Le problème du mort, c’est bel et bien qu’elle est là, visible aux yeux de tous. Je n’ose évoquer cela à Oliver, sur le champ.
La mort c’est « où as-tu mis le corps ? », ce corps encombrant, cette défaillance, dans l’ordre du réel, d’une aberration qui est la vie, et qui soudain se retrouve à s’invaginer elle-mêle, dit normalement, à se faire des nœuds. Le cadavre est une aberration puisque le corps est précisément ce qui est (ce qu’a inventé) le vivant.

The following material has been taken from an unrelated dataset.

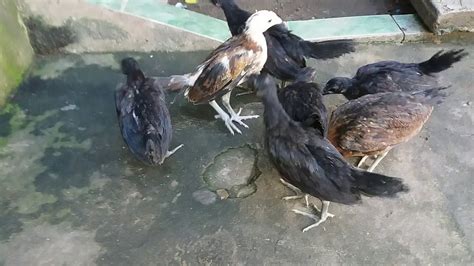 ayam peru asli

Le vivant s’extraie de l’inerte, pour ma part j’appelle le vivant le sollerte1, et c’est déjà une erreur, un bogue. Le bogue c’est un cafard, un scarabée qui vient perturber le programme, la machine.
Une bogue c’est aussi une carapace, un dehors qui cache un dedans. Une armure2.
Une armure, c’est la mort, la rigidité de la mort.
Je suis sidéré : lorsque je sors de la maison, un peu plus tard, j’avais oublié le pigeon, mais il est toujours là. Je tombe dessus. On tombe dessus la mort. Il s’est déplacé, pour se cacher mieux, ou n’être pas dans le passage. Rien ne bouge. Il se tient sur une patte seulement. Que se passe-t-il alors dans le cœur du pigeon.
Je pense à la mort, la mort visible, la mort sous les yeux. Je pense à la responsabilité. Que dois-je faire. Je suis pétrifié. Que dois-je faire ? L’achever ? Mais je me dis, quelle part d’humanisme dans ce geste ? Quelle part de sensiblerie ? Veux-je soustraire la mort à ma vue ? S’il n’était pas là, à se tenir sur une patte, s’il était mort comme le pigeon d’hier, qui est mort, puis (mais) soustrait à la vue, par le faucon ou le gardien, il ne serait pas à ce point ce corps encombrant.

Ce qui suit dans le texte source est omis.